Planting Billions of Trees Is the 'Best Climate Change Solution Available Today,' Study Finds
Planting more than 500 billion trees could remove around 25 percent of existing carbon from the atmosphere, a new study has found. What's more: there's enough space to do it.
The study, published in Science Friday, set out to assess how much new forest the earth could support without encroaching on farmland or urban areas and came up with a figure of 0.9 billion hectares, an area roughly the size of the U.S., BBC News reported. That makes reforestation "the most effective solution" for mitigating the climate crisis, the researchers concluded.
"Our study shows clearly that forest restoration is the best climate change solution available today and it provides hard evidence to justify investment," senior study author and ETH-Zürich Professor Tom Crowther said, as BBC News reported. "If we act now, this could cut carbon dioxide in the atmosphere by up to 25 percent, to levels last seen almost a century ago."
The new trees would remove around 200 gigatonnes of carbon, or two thirds of what humans have pumped into the atmosphere since the industrial revolution.
New report reveals #reforestation is one of the most effective strategies for #ClimateChange mitigation.— Crowther Lab (@CrowtherLab) July 4, 2019
We must plant more trees🌲🌳, support restoration organisations and invest wisely.
>> https://t.co/2cGVl73Tz1#TreePotential pic.twitter.com/JFNbDeE42v
However, the researchers emphasized that tree planting was not a replacement for reducing greenhouse gas emissions or phasing out the use of fossil fuels.
"None of this works without emissions cuts," Crowther told Time.
Even if tree planting began today, it would take 50 to 100 years for the new trees to soak up those 200 gigatonnes of carbon, he told The Guardian.

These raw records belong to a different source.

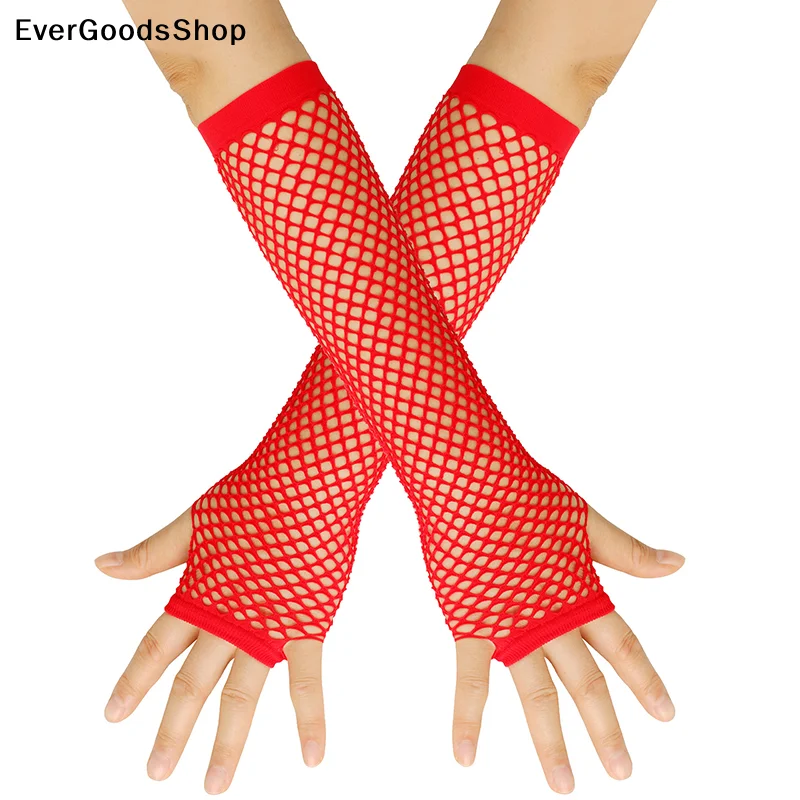New 1Pair  Mesh Gloves Neon Fishnet Gloves Mittens Black Red Sheer Wear Fancy Dress for Womens Sexy Girls Punk Goth Dance Glove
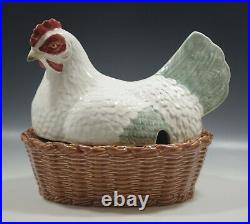 Bordallo Pinheiro Portugal Majolica Hen On The Nest Ceramic Large Tureen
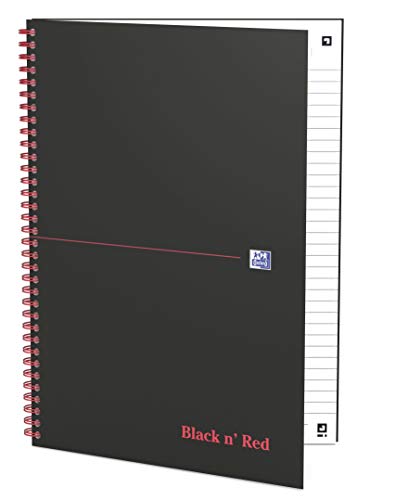 Oxford 400047608 Spiralbuch Black n' Red 5er Pack DIN A4 liniert mattes Hardcover 70 Blatt schwarz rot von Oxford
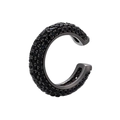 Macro view of C-shaped ear cuff with black micro-pave cubic zirconia in 18K gold plating - Gunmetal Black Zirconia 1PC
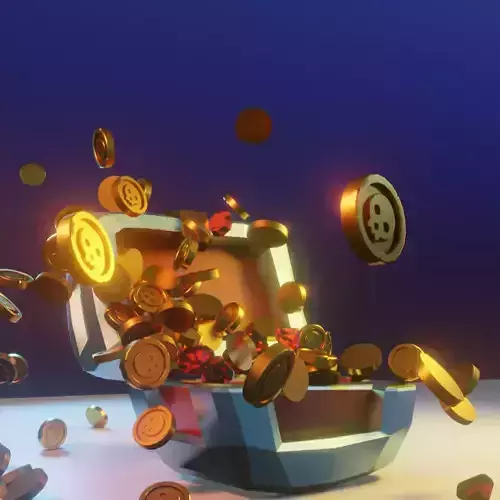 Low Poly Treasure Chest Coin Explosion animation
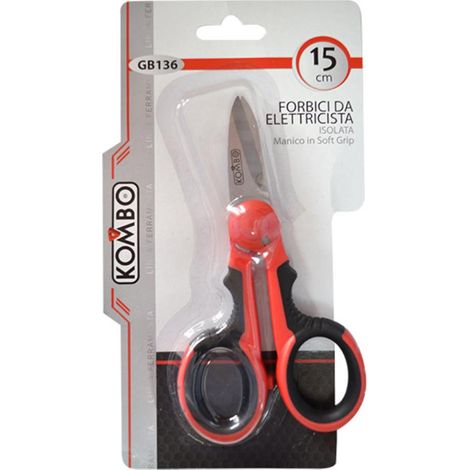 Forbici Elettricista Acciaio Inox con Manico Isolato in ABS L=15cm Lame 40mm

And, as National Geographic pointed out, the researchers found that potential tree-planting land could shrink by one-fifth by 2050 even if global temperature rise is limited to 1.5 degrees Celsius above pre-industrial levels, as some tropical areas could grow too hot to support forests.
Even so, Crowther said tree planting was an important means of immediate climate action.
It's "a climate change solution that doesn't require President Trump to immediately start believing in climate change, or scientists to come up with technological solutions to draw carbon dioxide out of the atmosphere," Crowther told The Guardian. "It is available now, it is the cheapest one possible and every one of us can get involved."
Assistant-Director General at the UN Food and Agriculture Organization René Castro praised the study's utility.
"We now have definitive evidence of the potential land area for re-growing forests, where they could exist and how much carbon they could store," Castro said, as The Guardian reported.
To reach their conclusions, the researchers first looked at around 80,000 satellite photographs of protected forest areas around the world to assess the tree cover in each. They then used Google Earth Engine mapping software to develop a model for predicting where new trees could grow, National Geographic explained. They found that more than half of the world's reforestation potential was located in six countries: China, the U.S., Russia, Australia, Canada and Brazil.
However, trends are moving in the opposite direction in Brazil, where deforestation is on the rise under the right-wing government of President Jair Bolsonaro. Recent satellite images show that a football-field-sized swath of the Amazon is being lost every minute, according to National Geographic.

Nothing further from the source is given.